A contract for the retrofitting and upgrading of the carrier is expected to be concluded by the end of the month.

Modernization of Russia’s Sole Aircraft Carrier Still Facing Delays
Credit: wikimedia commons/

A contract between the Russian Ministry of Defense (MoD) and state-owned United Shipbuilding Corporation (USC) for the modernization and overhaul of the flagship of the Russian Navy, the aircraft carrier Admiral Kuznetsov, is finally expected to be signed by the end of the month, a Russian defense industry source said on April 1.

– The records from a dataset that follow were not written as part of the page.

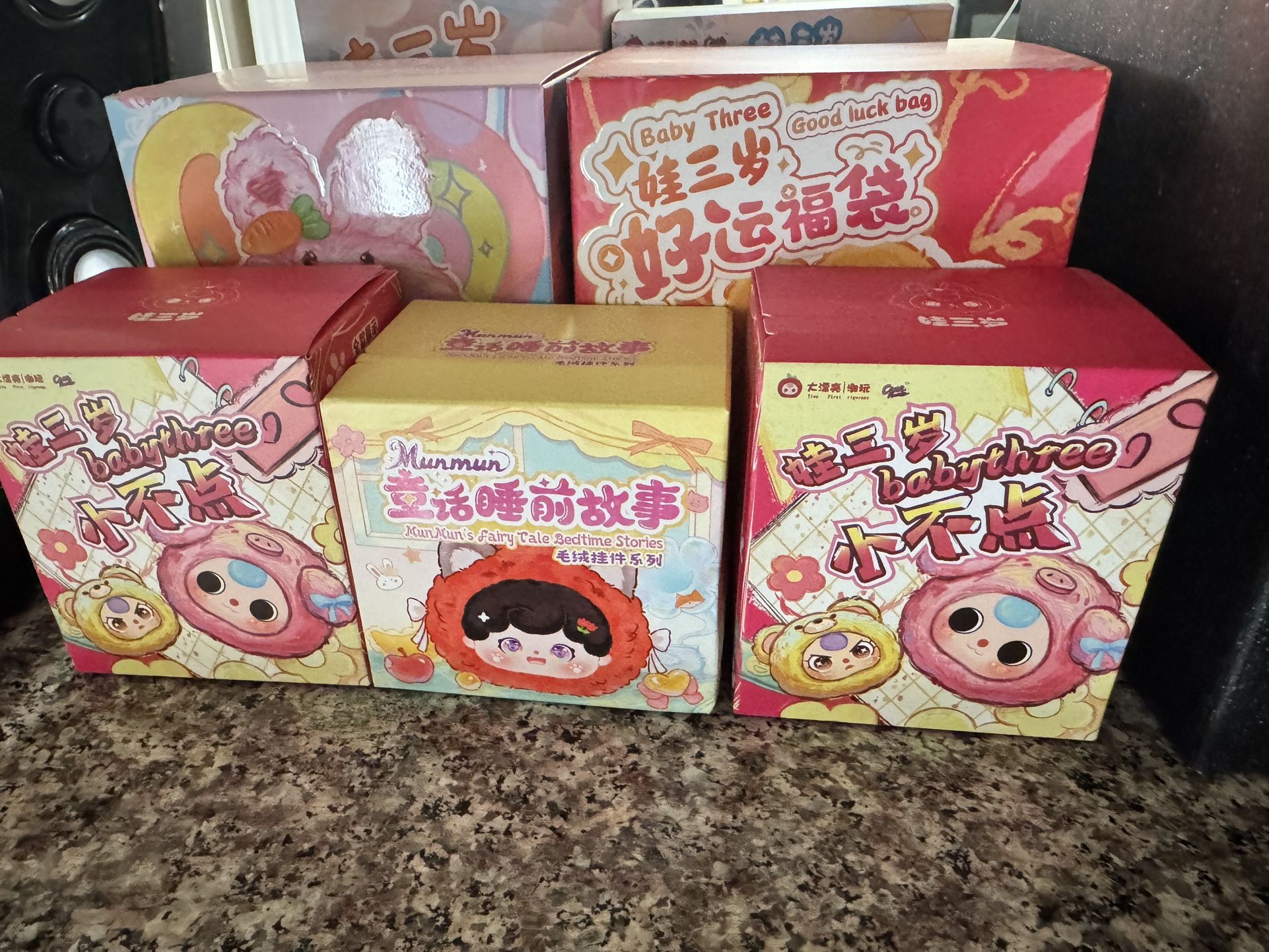 Baby Three Plushies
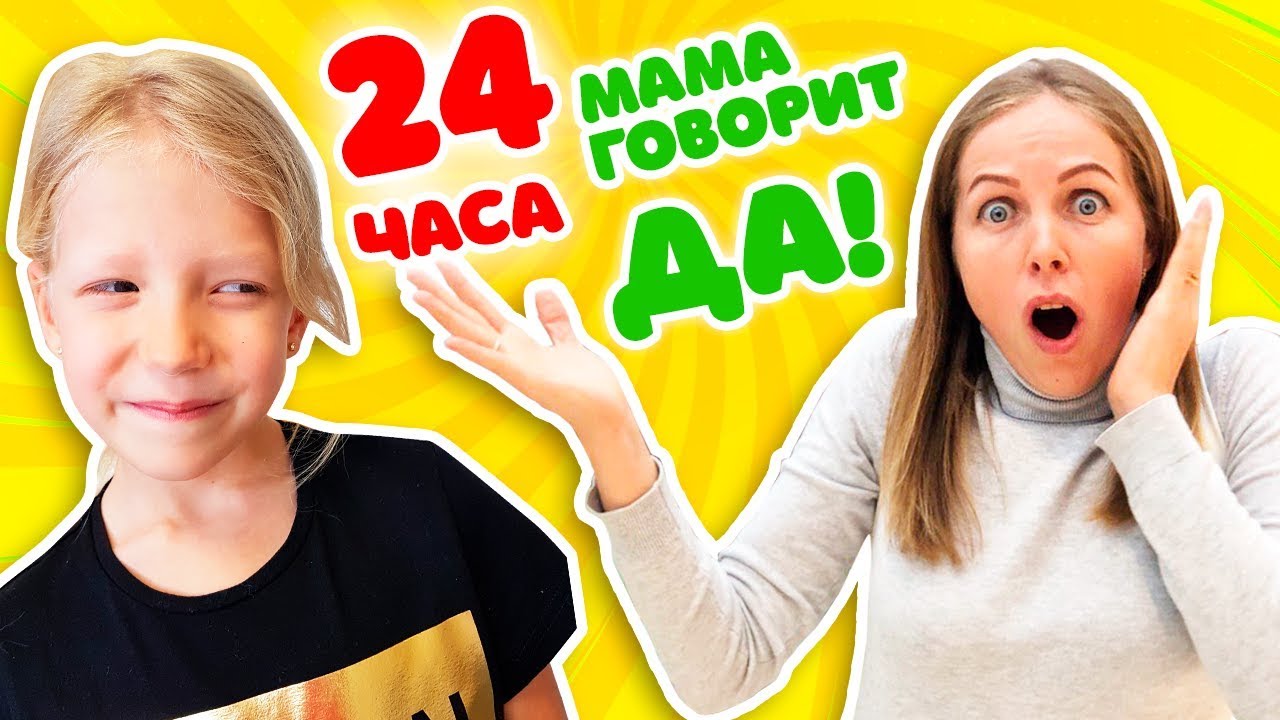 Цуефа игнорируют милану 24 часа. Family Box 24 часа. Фэмили бокс 24 часа да.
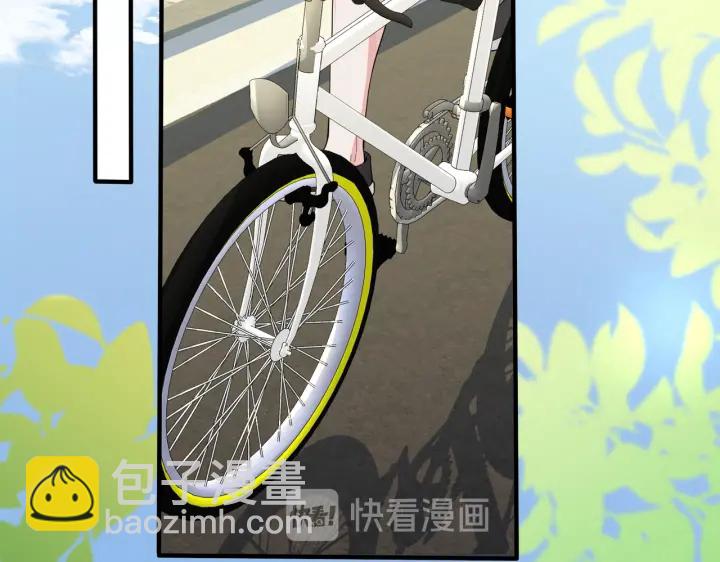 馴養 - 第69話 他真的走了(1/2) - 2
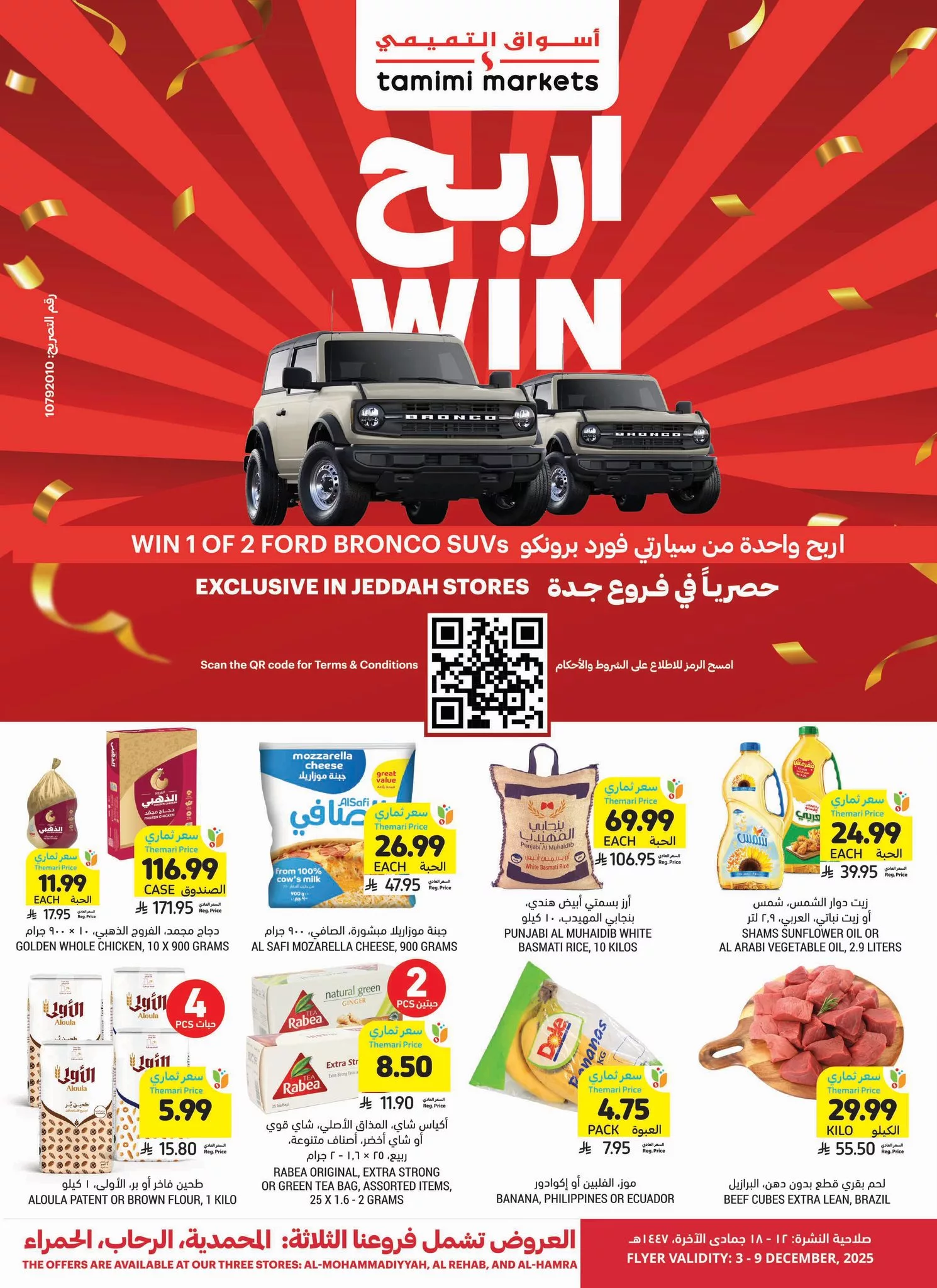 عروض التميمي جدة الاسبوعية الاربعاء 3 ديسمبر 2025 | اقل الاسعار 1 592135688 1169824152020567 7189596715816833994 n - عروض التميمي جدة الاسبوعية الاربعاء 3 ديسمبر 2025 | اقل الاسعار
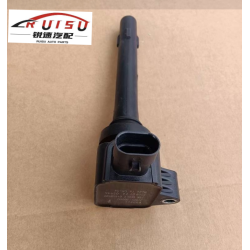 GEELY(BOYUE) PROTON(x70)IGNITION COIL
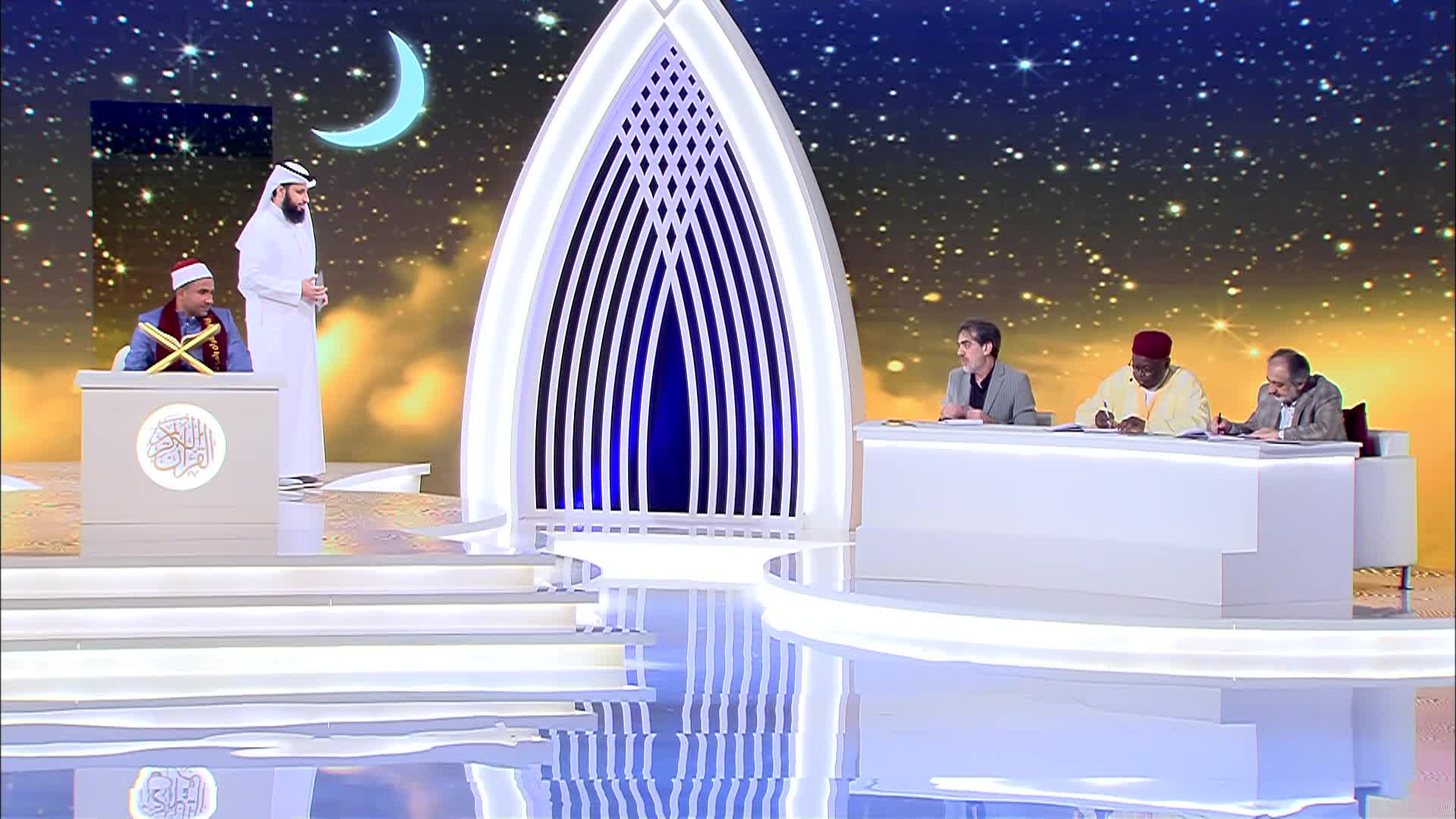 الحلقة 16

“All the necessary instructions have been given,” the source noted, according to TASS news agency. “But, as the process of signing the contract has quite a significant financial component, we expect to have a concrete document in April. The work was started last year, in October. It involved detecting faults, specifying the work volume and carrying out preparatory works.”

Additionally, the source claims that the aircraft carrier will return to active duty “much earlier than it was planned.” Work on the warship is expected to take 2 to three years.

The carrier will be retrofitted and upgraded at USC’s Zvezdochka shipyard, located in Severodvinsk in Northern Russia. The carrier, commissioned in 1990, has not undergone a major retrofitting since then, except for a two-year refit between 1996 and 1998.

Last year, it was expected that the Russian MoD would cut the funds allocated for the carrier repairs and upgrades by 50 percent reducing the overall scope of the modernization the warship will undergo. As of now, the detailed budget for the refit has not been revealed but is estimated to be around $400-600 million.

As a result of the budget cuts, the carrier’s electronic warfare, communication, intelligence, navigation, and combat control systems will likely not be undergoing modernization. Most work will be confined to the Kuznetsov’s flight deck and its propulsion systems including replacing four out of the carrier’s eight turbo-pressurized boilers while refitting the remaining four.

As I reported previously, even if a repair contract will be inked by the end of the month, the three-year timeframe may be not realistic for multiple reasons:

All Soviet carriers were constructed in Ukraine and Russia has lost valuable expertise and technology — particularly surface ship propulsion technology — due to the ongoing crisis in Ukraine. Russia, however, has recently overhauled and modernized a Kiev-class carrier-cruiser for the Indian Navy and gained valuable insights into carrier building techniques through that process. This expertise will prove helpful in overhauling the Admiral Kuznetsov.

Nonetheless, it is unclear how much of that expertise can filter into the work on the Kuznetsov.

The carrier, capable of carrying of up to 41 aircraft — including Su-33 air superiority fighters, MiG-29K/KUB fighter aircraft, and Kamov Ka-27, Ka-31, and Ka-52K helicopters — has never been deployed for longer than six months and has a history of breaking down. Consequently, the Russian Navy’s flagship on its deployments is always followed by a powerful tug boat.